**Your instructions:** Please report every line in the entries that contains the string "going".

━━ Dataset excerpts ━━

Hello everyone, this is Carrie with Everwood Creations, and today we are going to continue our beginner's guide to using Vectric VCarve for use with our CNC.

━━━
━━ Dataset excerpts ━━

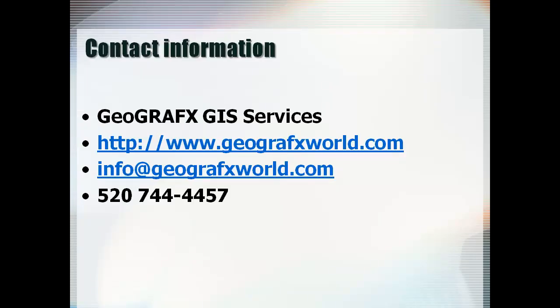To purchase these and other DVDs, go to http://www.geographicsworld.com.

━━━
━━ Dataset excerpts ━━

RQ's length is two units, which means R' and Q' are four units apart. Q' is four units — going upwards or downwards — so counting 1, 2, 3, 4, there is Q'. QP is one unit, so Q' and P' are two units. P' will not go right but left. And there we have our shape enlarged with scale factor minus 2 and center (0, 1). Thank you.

━━━

**Answer for the task:**
Hello everyone, this is Carrie with Everwood Creations, and today we are going to continue our beginner's guide to using Vectric VCarve for use with our CNC.
RQ's length is two units, which means R' and Q' are four units apart. Q' is four units — going upwards or downwards — so counting 1, 2, 3, 4, there is Q'. QP is one unit, so Q' and P' are two units. P' will not go right but left. And there we have our shape enlarged with scale factor minus 2 and center (0, 1). Thank you.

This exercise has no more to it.